Formula Manufacturers: Inventory Control Issues A Recipe For Disaster

Updated: September 01, 2010

During my review of business processes for prospects many times the Material Planner/Purchasing Manager is doing a visual review of the raw materials in the warehouse to verify inventory quantities to either complete purchase orders or create the production schedule. They don't trust their ‘system' numbers. Raw material inventory integrity is often one of the biggest problems that I encounter with prospects.

There could be many reasons why inventory control is such a pervasive problem:

  1. The use of separate accounting/financial systems for the inventory and manufacturing systems. Raw materials are ordered on one system and manually updated in another system.
  2. The purchase receipts are not completed in a timely and correct manner. Raw material is received at the wrong cost or wrong quantity. Human error. By the time the vendor invoice arrives the raw material has been consumed.
  3. Raw material quantities are purchased on one unit of measure but consumed in another unit of measure with incorrect conversion methods.
  4. Quality control is not tracked therefore inferior materials are hitting production causing production to use more than the formula or batch ticket calls for. Production is not recording actual.
  5. Not inputting quantities used for production or staging in a timely manner to relieve raw material inventory. Not having a work in process (wip) of the manufacturing process takes several steps and time.
  6. Cycle counting is not in place. Physical inventories occur once a year. Once a year is pretty extreme! Some companies complete this task once a month due to poor inventory controls.
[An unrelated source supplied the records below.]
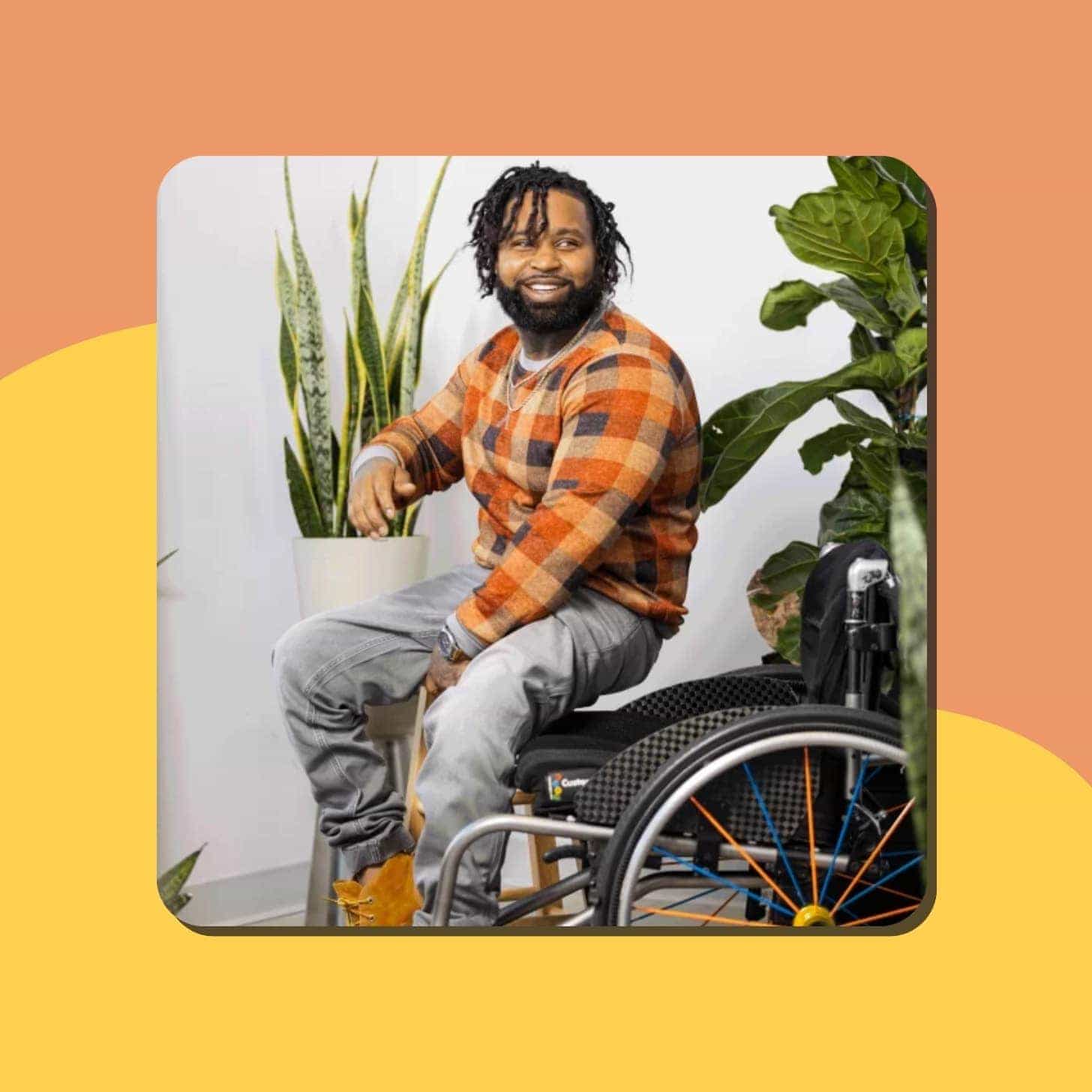 A Black man with cool hair, a beard, and a fashionable sweater, jeans, and boots smiles as he sits next to his wheelchair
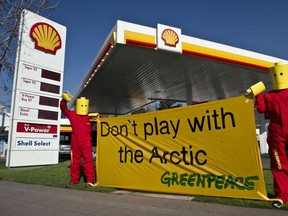 Greenpeace activists hang a banner in front of a Shell gas station in Santiago, Chile, on July 24, 2014. The protest is against Shell's oil search in the Arctic region, and also to demand that Lego remove Shell logos from their toys. (AFP PHOTO/MARTIN BERNETTI)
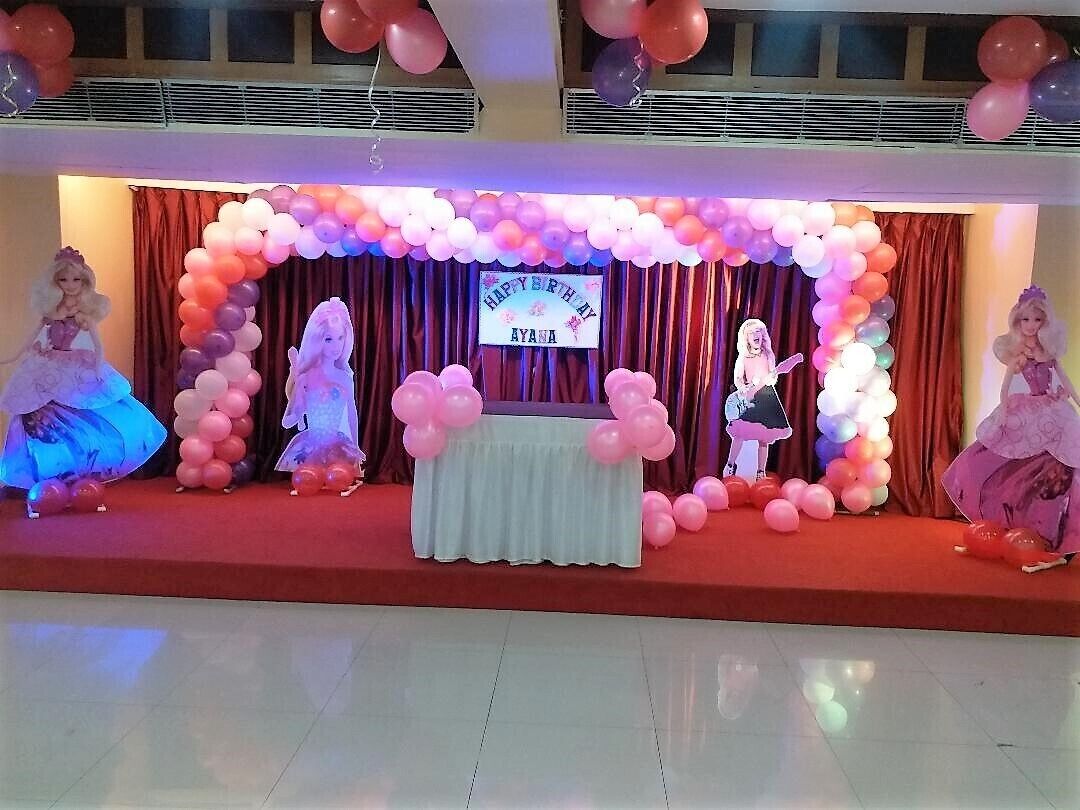 A stage with a birthday banner, balloons, and dolls.
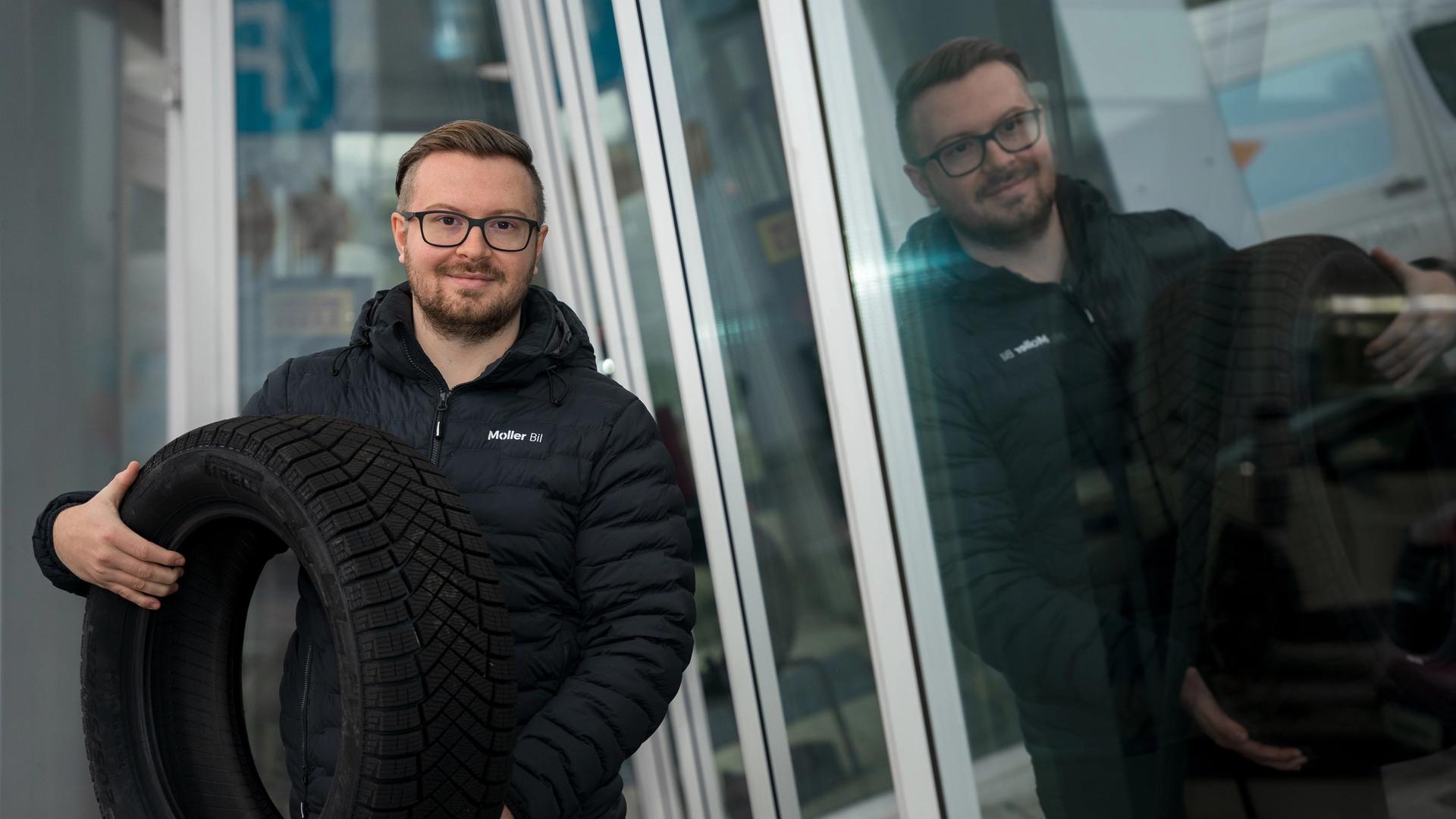 En Møller Bil ansatt som holder et dekk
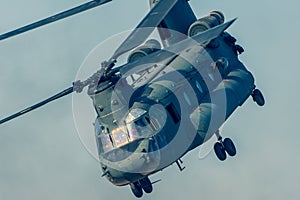 Military combat and war with Chinook helicopter close up flying through the chaos. Military concept of power, force, strength, air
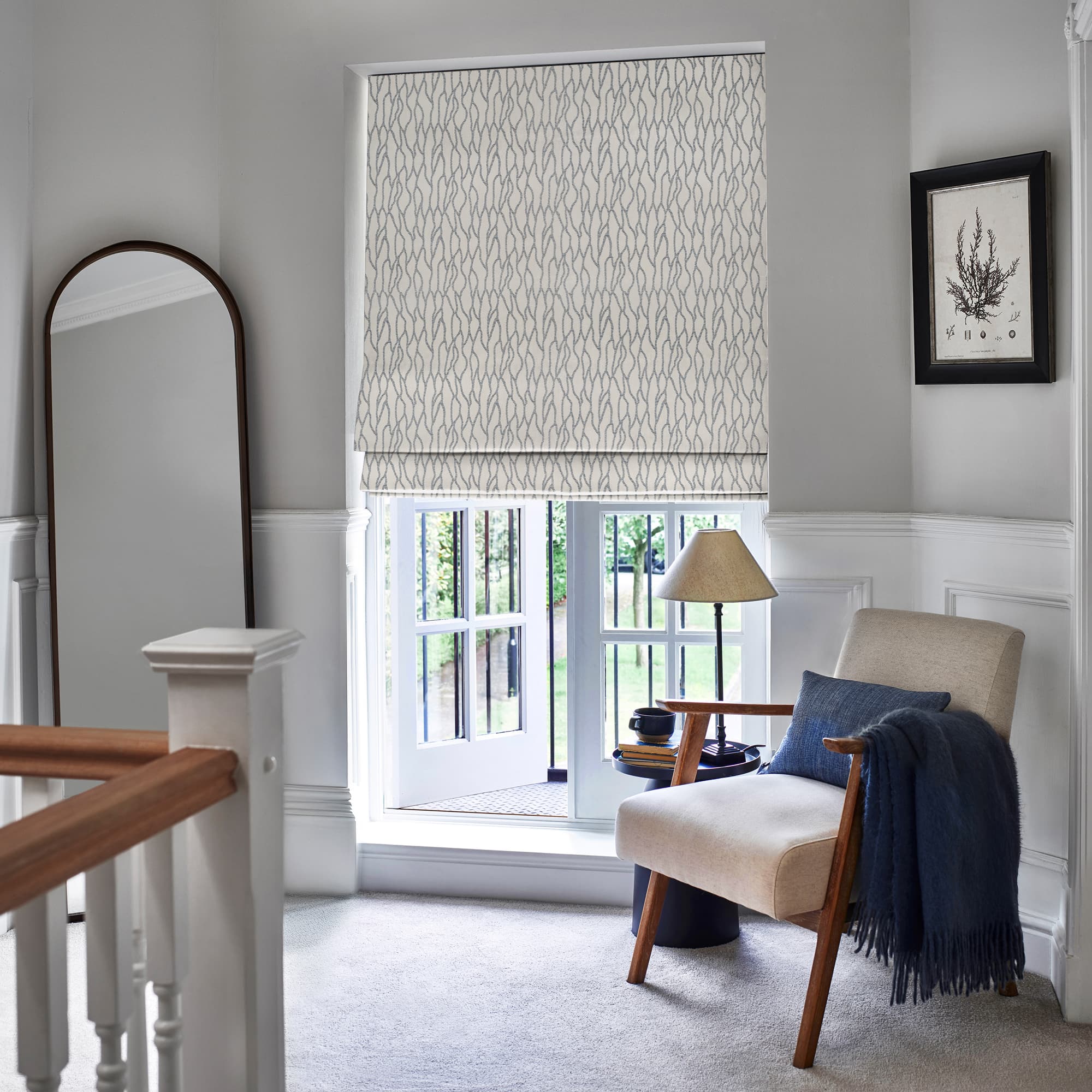 Patterned fabric Roman blind lowered over recessed window, subtle gray wave motif; filtering daylight into a bright upstairs landing with upholstered armchair, navy throw, floor lamp, and garden view.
The majority of the companies I encounter with these problems are using two or more systems to manage their business. Sometimes one or more of the business tools is a spreadsheet. I have nothing against spreadsheets as long as they actually tie back to a database that is driven by real transactions. One system for accounting and one system for manufacturing makes no business sense to me. This use of disparate systems can cause many problems; one being inventory control. If you are selling out of one system and manufacturing in another how do you know what your demand is for production? Is someone taking the sales orders and then filling out a production schedule? Then someone is updating one system with the finished goods to ship and invoice… I have to enter vendor invoices into the accounting system to cut checks, but I am purchasing in another system… Confusing? This scenario demands a lot of manpower just to function on a day to day basis.